→ Exercise prompt:
After locating the line with "2024 GMC Savana 2500 Work Van" below, output it and each following line exactly, stopping after the line with "Used Fuse box". No pictures.

→ Data records:
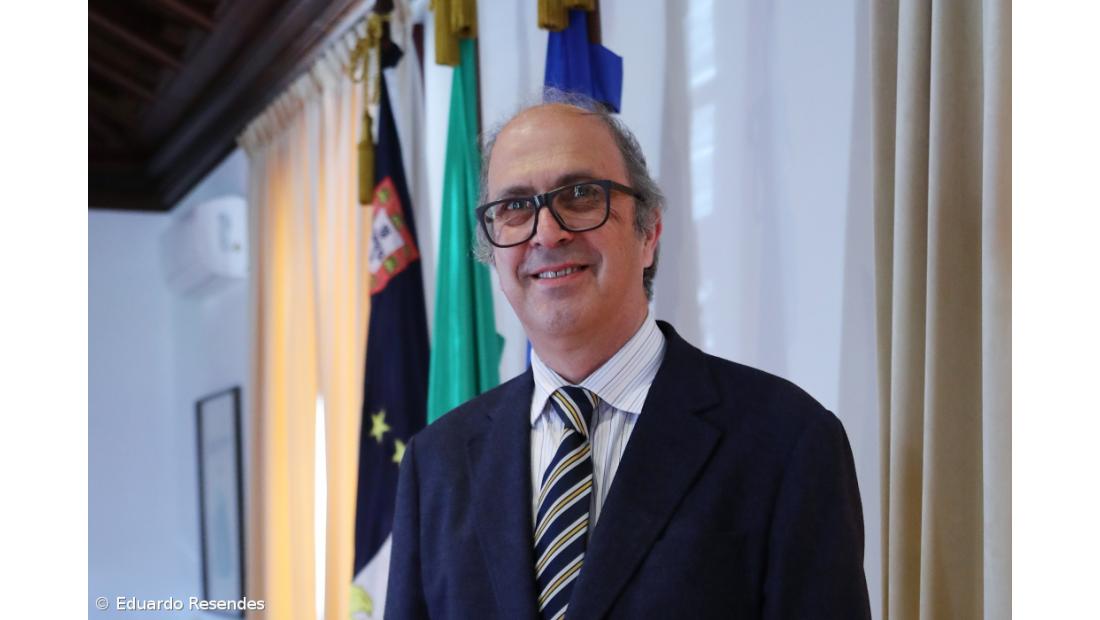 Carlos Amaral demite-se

==

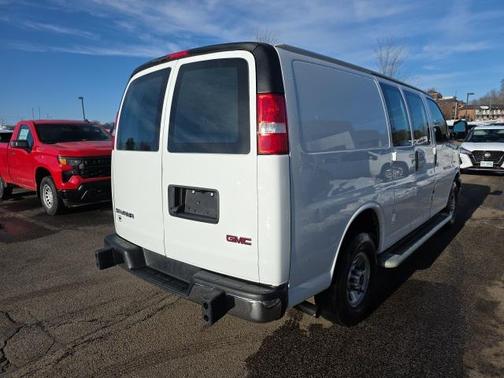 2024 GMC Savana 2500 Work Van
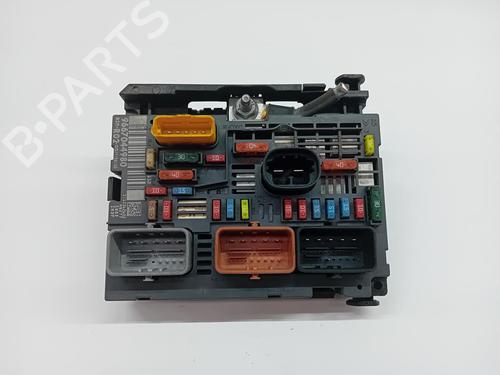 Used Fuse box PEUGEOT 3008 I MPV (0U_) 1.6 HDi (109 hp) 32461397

* * *

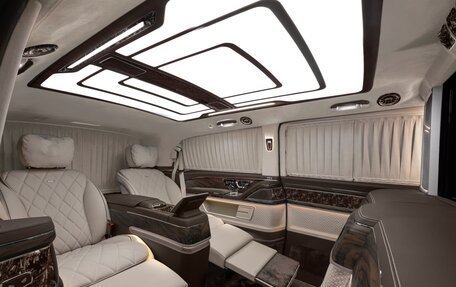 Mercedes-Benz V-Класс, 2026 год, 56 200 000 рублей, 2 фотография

→ Response to this exercise:
 2024 GMC Savana 2500 Work Van
 Used Fuse box PEUGEOT 3008 I MPV (0U_) 1.6 HDi (109 hp) 32461397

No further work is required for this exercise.